Blocked drains are not just a problem for individuals and private wastewater lines. In recent years, blockages in the public sewerage systems caused by “fatbergs” have been causing huge problems for cities around the world.
Fatbergs are clumps made up of congealed fat, wet wipes, condoms and other household waste that has been flushed or washed down the drain. When fat, oil and grease (FOG) enters the pipes, it cools down and solidifies over time. It can act like cement, binding debris together into a huge impenetrable mass.
There are two main culprits responsible for fatbergs. The first are businesses such as hotels, restaurants and takeaway establishments that are pouring FOGs down their drains. While most cities require businesses to install grease traps, regular maintenance is needed for them to function correctly. A faulty grease trap can result in litres of FOG getting washed into the sewerage system every day.
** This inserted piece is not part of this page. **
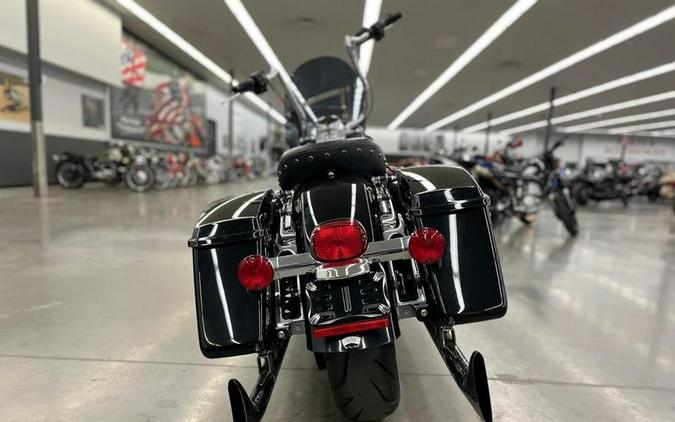 2017 Harley-Davidson® FLHR - Road King®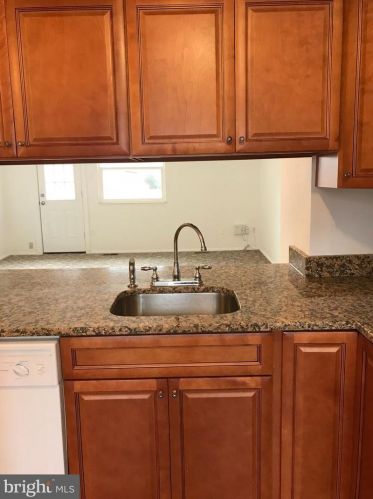 8466 Lazy Creek Ct, Springfield VA  22153-3844 exterior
Likewise, there is plenty of evidence that individual households are contributing to the fatberg problem. According to Michelle Cull from Queensland Urban Utilities (QUU), one in four people wash cooking oil down the sink. People need to start thinking about what they put down the sink, because all ends up in the sewerage network.
If allowed to completely block a section of sewer, a fatberg can cause serious flooding and destroy streets, businesses and homes – which is exactly what happened in the Philippino city of Malabon in 2015. The Guardian reported that “paddle boats replaced cars after typhoons Egay and Falcon were exacerbated by FOGs from restaurants and fast-food chains, clogging the sewers and submerging the streets.”
Fatbergs can also devastate local wildlife. In 2013, a fatberg in a main sewer in Bristol resulted in a discharge of raw sewage into the River Trym, which killed hundreds of eels, sticklebacks and bullheads.
In the same year, Thames Water removed a fatberg weighing as long as a double-decker bus and 15 tonnes (15,000 kilograms) in Kingston.
“It’s definitely getting worse,” Craig Rance, a campaigns executive at Thames Water told The Guardian. “We’re seeing a rise in the number of wipes being flushed down the toilet as people move away from toilet paper. And only one in 10 know how their drains work. People think the toilet is some magic portal that makes everything disappear, but it all has to go somewhere.”
While Australian fatbergs are yet to reach such epic proportions, we are definitely not immune. Cull told ABC that QUU crews clear up to 4,000 separate fatbergs from Queensland drains each year, costing upwards of $1.5 million. “They either form a ball or a blockage or they line the inside surface of the pipe and extend many metres long,” she said.
Other States are dealing with them too. Yarra Valley Water recently released pictures depicting a large fatberg in its sewerage system, in a desperate bid to stop Melbourne residents flushing food scraps and fat down the drain. “We all know where number ones and number twos should go,” a spokesman warned citizens. “But there is no such thing as a number three, so please do not put anything else down the drain.”
WHAT CAN YOU DO TO STOP FATBERGS BLOCKING YOUR DRAINS?
Many people have an out of sight, out of mind mentally when it comes to things like this. However, fatbergs have the potential to cause considerable damage to your property. A complete blockage in a public sewer line could mean that raw sewerage floods the streets and backs up into homes.
Fatbergs aren’t just found in public sewers either. Although smaller in size, congealed fat is a major cause of blocked drains in private wastewater lines
Follow these simple tips to avoid a blocked drain in your home and neighbourhood:
- Oil can be used multiple times for frying, so consider keeping it and recycling it.
- When you’re ready to throw it out, don’t pour it down the kitchen sink. Use a funnel to pour used cooking oil and grease into a plastic container – then dispose of it in the bin.
- Smaller quantities of oil left on dishes can be soaked up using paper towels and then put in the rubbish.
- When washing up greasy dishes, use plenty of hot soapy water.